The "Andalusian cadence" I-bVII-bVI-V is commonly heard as a repeated figure in Flamenco music as well as many pop songs, e.g. "Hit the Road, Jack":
In trying to think about how this cadence is typically perceived by the listener, classical music theory seems to give (at least?) two possibilities:
It is a perfect cadence: the V-chord at the end is heard to continually resolve into the tonic I at each repetition.
It is a half cadence: the I-chord at the beginning is heard to continually tense into the V-chord at the end, which then hangs there unresolved.
Generally I've been impressed by how much of pop music harmony can be understood by thinking in terms of perfect cadences (a V-I which ends a phrase or section) and half cadences (a phrase or section which ends in an unresolved V, often followed by a new phrase beginning on I). But in this case, I'm not sure I have a strong intuition about which kind of cadence this would be: or perhaps it is "ambiguous", or classical theory doesn't neatly apply here?

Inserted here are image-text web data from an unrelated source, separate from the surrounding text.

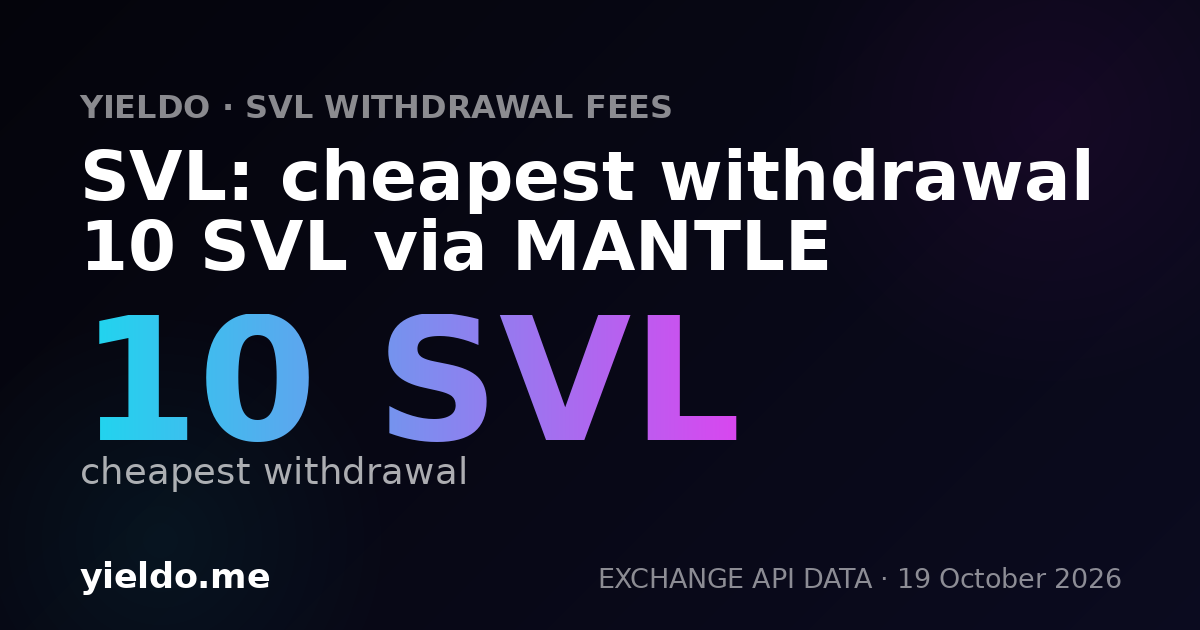 SVL: cheapest withdrawal 10 SVL via MANTLE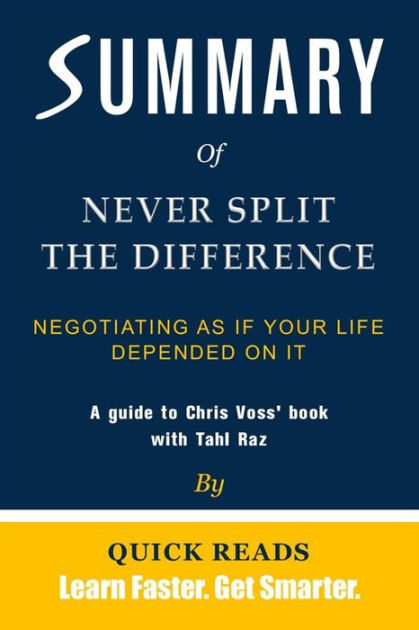 Workbook: Never Split The Difference (Negotiating as if your life depended  on it)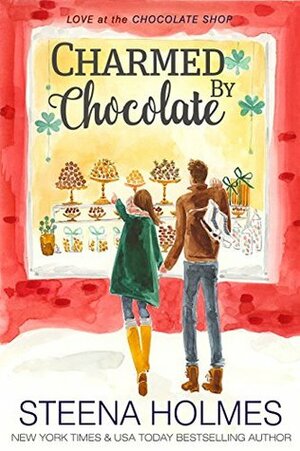 Charmed by Chocolate by Steena Holmes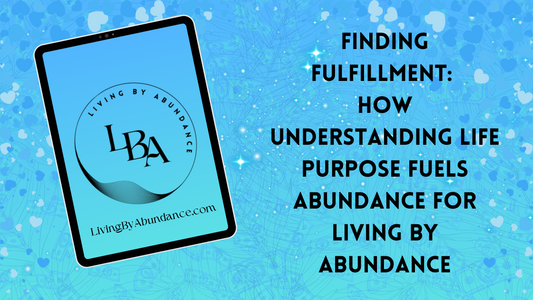 Digital graphic of a tablet displaying 'Finding Fulfillment: How Understanding Life Purpose Fuels Abundance for Living By Abundance' on a blue, heart-decorated background.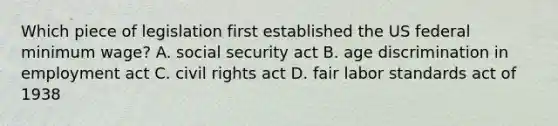 Which piece of legislation first established the US federal minimum wage? A. social security act B. age discrimination in employment act C. civil rights act D. fair labor standards act of 1938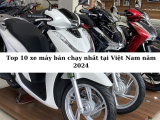 Top 10 xe máy bán chạy nhất tại Việt Nam năm 2024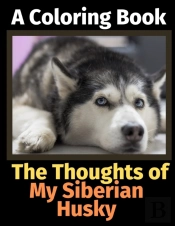The Thoughts Of My Siberian Husky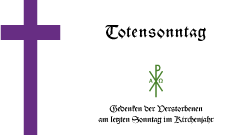 Letzter Sonntag des Kirchenjahres: Totensonntag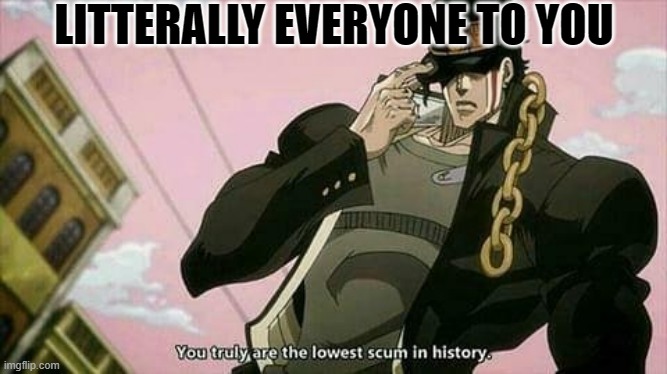 The lowest scum in history | LITTERALLY EVERYONE TO YOU | image tagged in the lowest scum in history | made w/ Imgflip meme maker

(I am aware that this is asserted to be a perfect cadence in the wikipedia article: http://en.wikipedia.org/wiki/Andalusian_cadence But their argument that "[t]he Andalusian is an authentic cadence, because a dominant chord ("V") comes just before the tonic", is completely unconvincing: if a half cadence is followed by a phrase beginning in the tonic, we will also have a dominant followed immediately by a tonic. It seems to me that the relevant distinction is how the harmony interacts with sectional boundaries in the music, i.e. if the phrase or section ends with V-I, or if the V-chord comes as the last element of the phrase.)